俺たちは、シェルターの補強を中断して里芋を探しに行くことにした。
***
いつも水を利用している場所から少し離れたところに、里芋らしき葉はたくさんあった。何度か来たことがあったのだが、今まで気が付かなかったのが不思議だ。こんなところに食べれる物はないだろう、という先入観があったせいだろうか。
「よし、根本のあたりを掘ってみるか」
俺は、作ったばかりの石のナイフで地面を探ってみた。湿っていてやわらかいので、それほど苦労せずに済みそうである。ある程度、土を掘ったところで茶色のかたまりを地中から引っ張り出す。
「おっ、本当に里芋みたいだね。うーん、でも、こんな島に里芋って自生してるものなのかな」
「里芋って、確かタロイモの仲間だったと思います。タロイモは、東南アジアなどの温暖な地域に広く分布しているそうですから、この島にあっても不思議ではないのではないですか」
「なるほど、潮見さんはよく知っているんだね。じゃあ、これは里芋ではない可能性もあるのか。
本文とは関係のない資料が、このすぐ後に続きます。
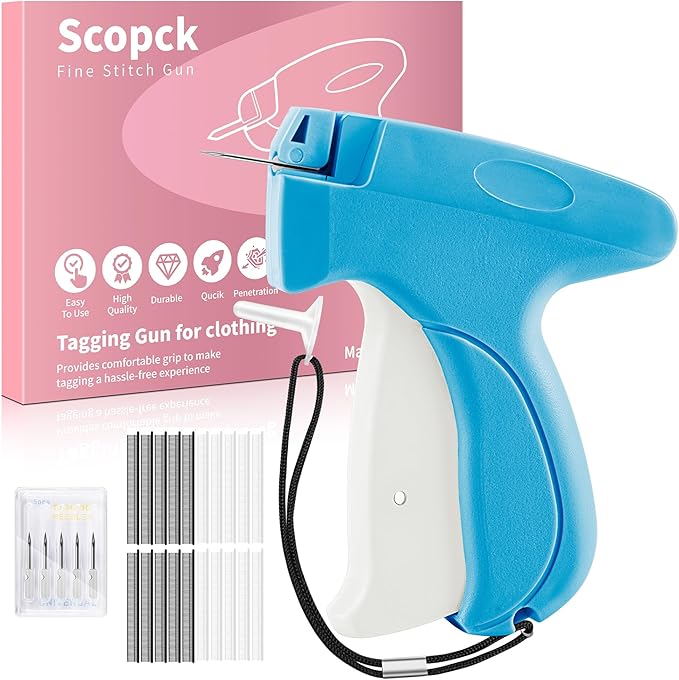 Stitch Gun for Clothes - Handheld Stitch Gun Quick Clothing Fixer - Mini Sewing Kit Micro Tagging Gun - Includes 6 Needle, 1000 Black Fasteners & 1003 White Fasteners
食べられるのかな……」
潮見さんと俺は、期待を込めて浜本さんに目を向けた。料理が得意だという彼女なら、何かわかるだろうと思ったのである。
だが、浜本さんは難しい顔をしていた。
「えっ、もしかしてこれは食べられない種類なの?」
「ううん、違うの。あっ、違わないのかな」
「ど、どっちなの?」
「ええと、里芋にはシュウ酸カルシウムが含まれていて、タロイモも同じだったはずなの。あー、これは困ったなあ」
どういうことだろう。里芋って普通の食材だし、俺だって母さんが作った煮物を食べたことがある。潮見さんが、不思議そうに浜本さんに質問した。
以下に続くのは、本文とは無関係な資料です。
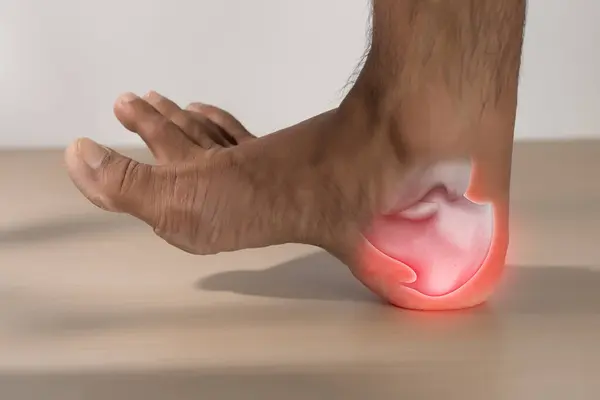 stock image A man has heel pain due to plantar fasciitis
「シュウ酸カルシウムって、どこかで聞いた覚えがありますけれど……毒ですか?」
「毒、というか、カルシウムの小さな結晶が舌とかのどに刺さって、かゆみとか痛みを感じるんだったと思う。量にもよると思うけど、これは野生化しているし……うーん」
「ですが、里芋もタロイモもメジャーな食べ物だと思うのですが。スーパーでも普通に売ってますよね」
「うーん、どっちにしてもダメかな……せっかく見つけたけど今のあたしたちだと食べられないと思うの」
俺と潮見さんが戸惑っていると、浜本さんは真面目な口調で語り始めた。
「ええとね、里芋の仲間は生で食べちゃダメなの。さっきも言ったとおりシュウ酸カルシウムを含んでいるから。普通に食べられているのは、熱によってシュウ酸カルシウムを分解してるからなのよ」
「つまり、加熱しないと食べられないってことだよね。だったら、焼くか煮るかすればいいんじゃないの」
思ったことを口にすると、浜本さんはため息をついた。
「うん、しっかり加熱すれば食べられるかもしれないと思う。でもね、今のあたしたちって調理器具どころか火をつけることもできないじゃない」
「あっ、そうだった」
「でしょ、仮に生で食べられても、たぶん美味しくないと思うの。生で食べるお芋って、長芋ぐらいじゃないのかなあ」
掘り出した芋は、いかにも食べ物といった見た目をしている。周囲には同じような葉があるから、探せばもっと見つかるのではないだろうか。あきらめてしまうのは、惜しい気がする。
俺は、浜本さんにもう一度確認してみることにした。
「これって、加熱さえすれば大丈夫なんだよね」
「大丈夫……だと思う。でも、野生化しちゃってるから、絶対に大丈夫だとも言い切れないんだよね」
「なるほど、里芋っぽいけど普段食べている里芋とは違う可能性があるってことか。でも、せっかく見つけたんだから試してみたいな。よし、火を起こすのにチャレンジしてみよう」
「ええっ、道具もないのにできるのかなあ。火をつけられるのなら、あたしもお芋を焼いてみたいと思ってるけど」
女の子たちは半信半疑という表情で俺を見た。正直、勢いで言ってしまったというところもある。だが、口にしてみると悪くないアイデアだと思った。
俺は、火起こしをするための道具を探そうと周囲を見回したのだった。